Ketua Umum Asosiasi Perusahaan Pialang Asuransi dan Reasuransi Indonesia (Apparindo) Harry Purwanto mengatakan Surat Keputusan Dewan Pengurus Pusat Asosiasi Asuransi umum indonesia (AAUI) Nomor 22/SK.AAUI/2018 soal penghentian praktek engineering fee tersebut sebenarnya tidak memecahkan akar permasalahan.
Alasannya, benang merah polemik yang terjadi saat ini disebutnya ada pada surat edaran OJK nomor 6 Tahun 2017 soal biaya akuisisi dalam bentuk komisi, diskon, atau yang lainnya kepada pialang, agen, atau pihak ketiga lain yang terkait dengan perolehan bisnis asuransi.
“Itu yang harusnya direvisi atau dicabut oleh OJK,” kata dia kepada Kontan.co.id, baru-baru ini.
Dalam beleid itu disebutkan kalau biaya akusisi untuk asuransi harta benda maksimal 15% dari total premi. Sementara untuk asuransi kendaraan bermotor, biaya akusisi setinggi-tingginya hanya boleh 25%.
Menurut Harry, SE OJK tersebut merugikan pialang, sebab peran broker disamakan dengan pihak bisnis lainnya, seperti agen maupun orang internal perusahaan asuransi yang berperan layaknya agen.
Padahal menurut dia, perusahaan pialang memiliki perbedaan yang signifikan dengan pihak-pihak tersebut. “Kami harus bayar iuran OJK, pajak, dan memiliki minimal modal yang disetor,” ucap dia.
Chief Excecutive Officer PT ABB Insurance Broker Herdi Santoso menambahkan aturan ini menjadi polemik bagi pialang. Sebab nasabah bisa mendapat maksimum diskon yang perhitungannya disatukan dengan komisi bagi pialang. Tentunya tak mudah bagi pialang untuk mengurangi diskon kepada tertanggung agar komisi yang didapat tetap tebal.

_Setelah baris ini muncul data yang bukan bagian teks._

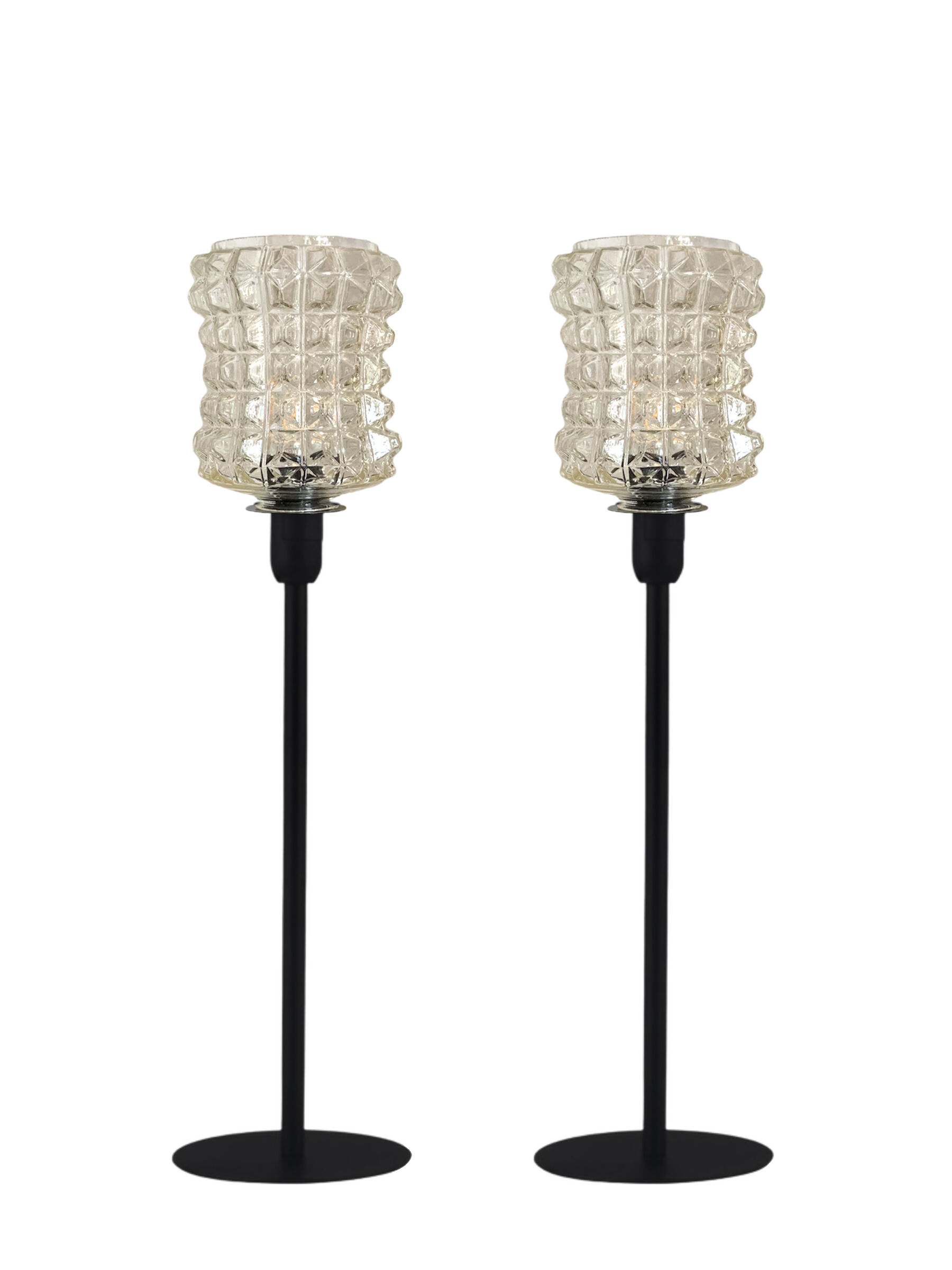 Pair of lamps with a molded glass shade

Setali tiga uang, Direktur PT Sedana Pasifik Servistama Insurance Broker Kristinan Benny Hapsoro menganggap, perusahan asuransi memberikan biaya ini sebagai pengganti komisi yang hilang karena digunakan untuk diskon kepada nasabah.

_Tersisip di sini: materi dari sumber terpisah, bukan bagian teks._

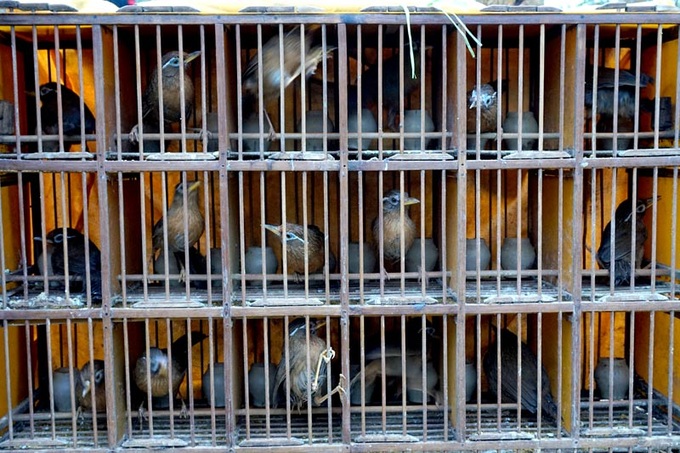 Sweet sounds of Lao Cai Province bird market - 10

“Ya karena kami dituntut potongan diskon oleh tertanggung, sehingga kami meminta engineering fee itu sebagai pendapatan bagi kami,” kata Benny.

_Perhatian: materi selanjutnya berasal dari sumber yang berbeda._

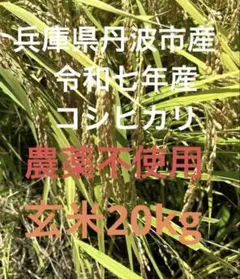 兵庫県丹波市産！ 令和7年産 農薬不使用 コシヒカリ玄米20kg - メルカリ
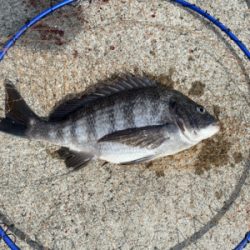 ダンゴでヒトデ釣り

Ia mengklaim, engineering fee yang pialang terima bervariasi, bisa mencapai 5%-15% untuk asuransi harta benda maupun kendaraan bermotor. Sementara itu, persentase biaya akuisisi yang ada dalam SEOJK dirilis dianggap sebagai diskon kepada nasabah.
Sementara Presiden Direktur PT Futuready Insurance Broker Sendy Filemon menilai dalam menghitung risiko asuransi, diperlukan keahlian spesifik untuk memberikan masukan ke pialang atau perusahaan asuransi.
“Di situ diperlukan keahlian khusus pihak ketiga yang dibayar dengan engineering fee,” kata dia.
Dengan begitu, engineering fee, dinilainya memang menjadi kebutuhan yang riil dalam industri asuransi, khususnya untuk risiko yang spesifik.
Penanggungan risiko adalah aspek dasar dari perusahaan asuransi. Oleh karena dia bilang sewajarnya perusahaan asuransi sanggup menghitung rasio-rasio yang baik untuk kelangsungan hidup bisnisnya, termasuk dalam memberikan komisi ke saluran distribusi.
Di sisi lain Direktur Eksekutif AAUI Dody AS Dalimunthe mengatakan, kesepakatan di antara perusahaan asuransi umum ini dibuat berdasarkan adanya praktik engineering fee yang berupa tambahan biaya akuisisi sehingga melebihi batas nilai komisi yang diatur OJK.
Menurut dia, hal itu menyebabkan naiknya biaya usaha sehingga mengakibatkan semakin kecilnya margin usaha. “Akibatnya, biaya usaha meningkat sehingga margin langsung turun signifikan,” kata dia.